Dozens of representatives of NHS trusts and other healthcare bodies are among the signatories to the letter, which has also been sent to the Department for Education and the Department of Health and Social Care.
Representatives of organisations and companies in sectors including engineering, manufacturing, local government and the creative industries are also among those lending their support, alongside lobby groups such as the Confederation of British Industry, the Science Industry Partnership and the Royal Town Planning Institute.
University figures who have signed include Charles Egbu, vice-chancellor of Leeds Trinity University; Chris Day, vice-chancellor of Newcastle University and chair of the Russell Group; Kathryn Mitchell, vice-chancellor of the University of Derby; and Jane Harrington, vice-chancellor of the University of Greenwich.
Ania de Berg, director of apprenticeships at the University of Manchester, said level 7 opportunities had had a “transformative” effect - particularly on the NHS - while Priti Kharbanda, head of apprenticeships at Buckinghamshire New University, warned the move would leave only employers with additional funds able to invest in the leadership skills of their workforce, potentially creating a divide with the public sector.
The letter points out that Office for Budget Responsibility forecasts predict a £800 million gap between receipts from employer contributions to the levy and the apprenticeship programme budget – which could fund the cost of level 7 apprenticeships three times over – and it calls for these receipts to be “strategically reinvested into the skills system”.
Boosting education and training opportunities for young people needn’t come at the expense of the need to retrain and upskill people already in the workforce, the letter says, adding that “shifting and storing up problems elsewhere in the skills system will not deliver the high-skill, high-productivity workforce the UK needs”.
It says the decision to defund level 7 apprenticeships has “lacked clarity and transparency” and urges the department for education to publish the rationale and evidence base in order for it to be properly analysed by stakeholders.

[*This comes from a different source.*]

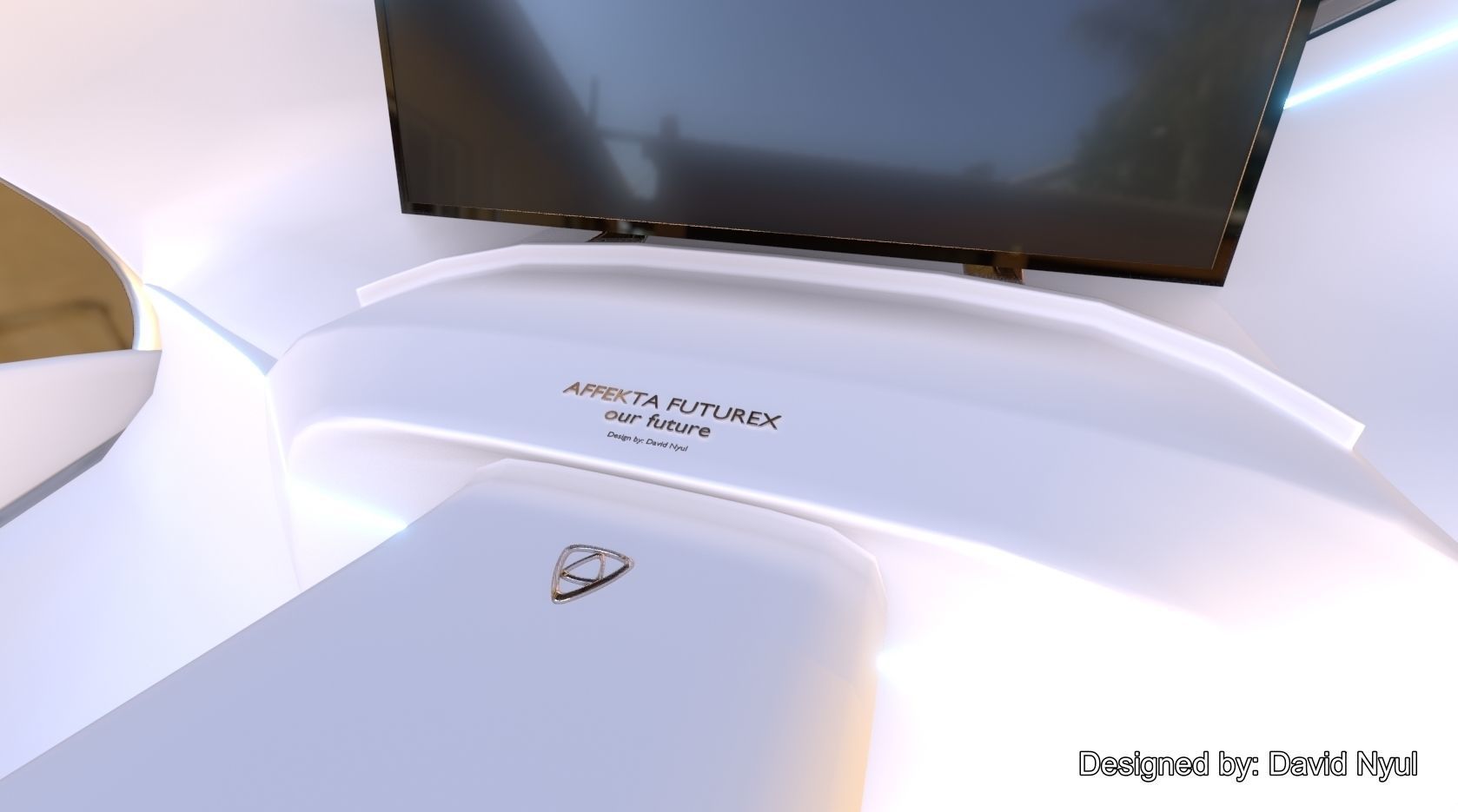 Affekta Futurex Sci-Fi  BEST DESIGN Future Concept Cyberpunk Car 3D model_11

“We hope you will work with us to look holistically at the potential impacts and unintended consequences of this policy and step in to prevent it slowing down the growth agenda,” the letter concludes.
Vanessa Wilson, the chief executive of University Alliance, said the impact of the policy change would “have far-reaching effects across different industries and unintended consequences for multiple planks of the government’s skills, opportunity and growth agenda”.
She added the letter showed the “strength of feeling from a diverse set of professionals on the same issue is irrefutable”.